Nonostante il significativo incremento dei proventi derivanti dalle operazioni digitali, nel 2016 il giro d’affari di News Corp è sceso del -2,1% a 2,12 miliardi di dollari, 400 milioni in meno rispetto all’anno precedente: la perdita si è concentrata nell’ultimo trimestre dell’anno con un calo di 219 milioni di dollari (nello stesso periodo del 2015 la perdita ammontava a 106 milioni).

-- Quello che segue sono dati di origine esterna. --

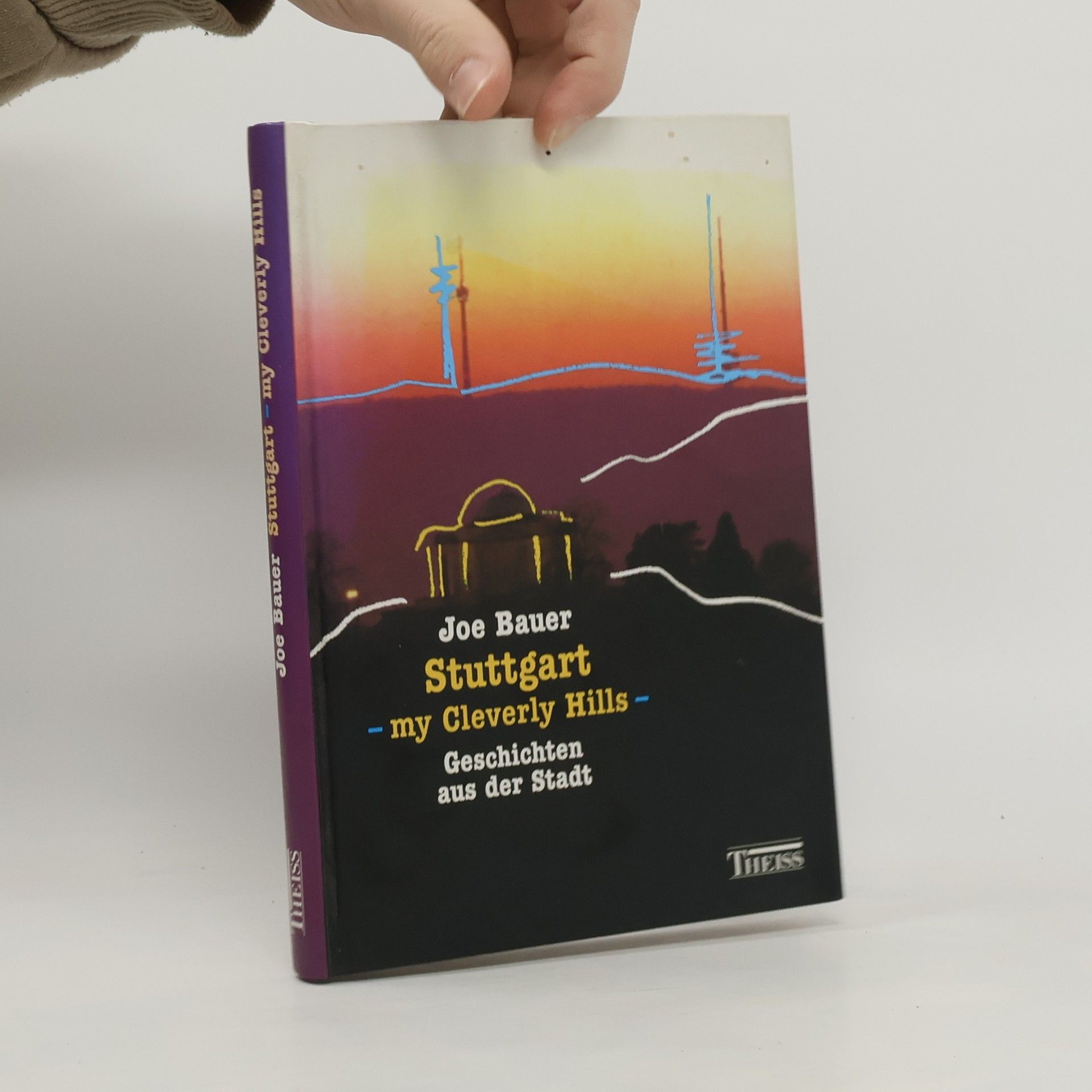 Stuttgart, my Cleverly Hills. Geschichten aus der Stadt.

Oltre alla svalutazione di asset legati al media network australiano Foxtel, la perdita è legata al declino delle attività nel settore della stampa tradizionale: come ha sottolineato il Ceo Robert Thomson nel corso di una conference call con gli analisti, il fatturato digitale è cresciuto infatti fino a valere il 27% del segmento ‘News and information services’ (rispetto al +22% dell’anno precedente) e il 16% di quello ‘Digital Real Estate Services’.

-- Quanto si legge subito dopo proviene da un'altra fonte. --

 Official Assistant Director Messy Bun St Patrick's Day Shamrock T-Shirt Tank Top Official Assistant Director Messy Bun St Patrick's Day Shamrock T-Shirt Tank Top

“Il pubblico chiede integrità – ha affermato Thomson – ed è per questo che le nostre testate di punta hanno tutte registrato una forte crescita di lettori e abbonati nel quarto trimestre”. Il fiore all’occhiello continua a essere il Wall Street Journal, che ha superato i 2,1 milioni di abbonati, più del 50% dei quali, ed è la prima volta, all’edizione digitale.

Usando come metro di riferimento i contenuti premium pubblicati da News Corp, Thomson ha indicato come i colossi del web - senza citarli per nome ma riferendosi a Facebook e Google – siano in qualche modo ‘complici’ della diffusione delle fake news, e come i player del programmatic abbiano evidenti responsabilità nel ‘sostenere’ organizzazioni militanti: “Troppo spesso, nel mercato attuale, mancano affinità e integrità – ha aggiunto –. Una sistemata a un algoritmo o un fact checking occasionale non risolvono i problemi alla radice. Anche le agenzie e le loro piattaforme programmatiche hanno delle responsabilità, perché spesso si limitano ad aggregare delle audience anche quando queste si raccolgono attorno a contenuti di dubbia provenienza o qualità”.

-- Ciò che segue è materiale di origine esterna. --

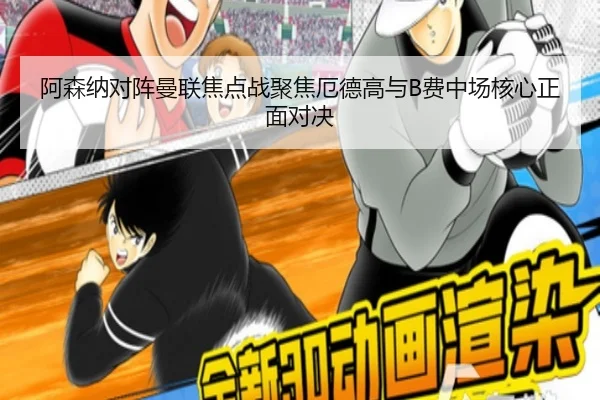 阿森纳对阵曼联焦点战聚焦厄德高与B费中场核心正面对决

Gli inserzionisti hanno bisogno di spazi affidabili e di risultati concreti, non delle metriche oscure e poco trasparenti di molte piattaforme digitali – ha affermato Thomson riferendosi alla recente indagine del quotidiano The Times su alcuni brand che, attraverso pianificazioni in programmatic, hanno involontariamente finanziato siti estremisti o pornografici –. Noi riteniamo di essere posizionati molto meglio di quelli che sono considerati nostri pari per affrontare la violente tempesta che si sta abbantendo sul mondo opaco e tenebroso dei media e del digital publishing”.

Per sostenere la necessaria e rapida transizione verso il digitale e per fornire agli advertiser un’audience qualificata e misurabile in un ambiente sicuro e verificato, Thomson ha annunciato un ambizioso programma di espansione nell’area del programmatic attraverso il lancio di un adnetwork proprietario, attualmente in fase di test.